The running angle of the rough grinding belt 43 is made variable by hanging the rough grinding belt 43 so that the grinding running part of the rough grinding heald 43 faces the material feeding path and making the sampling frame 37 rotatable around the axis. Therefore, the finish grinding and abrasive belt 55 running behind the rough grinding belt 43 in the same direction as the material feeding path is attached to the frames 4 and 5 in a corresponding manner, and the finishing process is carried out by one machine. If heavy grinding is required in a machine that performs rough grinding and finish grinding, the running force direction of the rough grinding belt 43 is made close to orthogonal to the material feeding direction, so that the wood is coated from a direction perpendicular to the grain of the wood.
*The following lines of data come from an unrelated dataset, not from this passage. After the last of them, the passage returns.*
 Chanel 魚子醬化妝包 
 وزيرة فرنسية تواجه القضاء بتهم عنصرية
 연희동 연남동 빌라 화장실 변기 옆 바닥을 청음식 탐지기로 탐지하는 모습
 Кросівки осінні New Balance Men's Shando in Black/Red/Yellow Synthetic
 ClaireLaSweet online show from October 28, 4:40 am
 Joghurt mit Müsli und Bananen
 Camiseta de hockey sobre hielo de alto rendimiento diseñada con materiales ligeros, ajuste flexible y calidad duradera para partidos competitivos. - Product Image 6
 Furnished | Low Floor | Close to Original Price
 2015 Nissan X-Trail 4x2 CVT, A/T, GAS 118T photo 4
When grinding a processed material and wanting to reduce the heavy grinding, the running direction of the rough grinding belt 43 can be inclined, and the oblique angle can be changed depending on the wood material, wood grain, etc. to perform optimal grinding. There are some excellent effects that can be achieved.

[Brief explanation of the drawing]

Figures 1 to 4 show a first embodiment of the present invention, with Figure 1 being a partially cutaway plan view of the Herdsander machine, and Figure 2 showing the same part! ,l
The J-cut side garden side view shows the same partially cutaway front IA, FIG. 4 is a perspective view of the rotating frame 32, FIGS. 5 to 9 show the second embodiment, and FIG. 5 shows a partially cutaway part of the main part. :11 side view, FIG. 6 is the same side view, FIG. 7 is the same front view, FIG. 8 is the support frame 61,
An isolated perspective view of the sanding frame 67 shade, and FIG. 9 is a longitudinal sectional side view showing a holding means for the sanding frame 67. 4.5; Mounting frame 11: Vertical frame 30: Rough grinding device 32; Rotating frame 36; Rotation N] 37;
Sandy/Ku Frame 38, Tension Driven Roll
39: Drive roll 43; Rough grinding belt 50;
Polishing device 60: Rough grinding device 61; Support frame 65
; times iPJ+itl+ 67; sanding frame 68: tension driven roll "9; drive a
-/1. ;74, @ Screw applicant Takekawa Iron Works Co., Ltd. Agent Patent attorney Kita Matsuura

Claims (1)

[Claims] For installation that moves relatively toward and away from each other on both sides of the material feeding path, a frame is provided on both sides of the material feeding path, and rotation shafts are formed inwardly protruding from both frames in a direction perpendicular to the material feeding direction, and the rolls are pivoted up and down on the shafts. the sanding frame is supported, a rough grinding belt is placed around the roll, the grinding traveling part of the rough grinding heald faces the material feeding path, and the sanding frame is rotatable around the rotation axis. The running angle of the rough grinding belt is variable from perpendicular to the material feeding direction to an arbitrary angle, and a finish grinding and polishing heald is provided behind the rough grinding belt and runs in the same direction as the material feeding path. A double-sided grinding and abrasive belt machine that is mounted on the frame in a corresponding manner so that its grinding running part faces the material feeding path.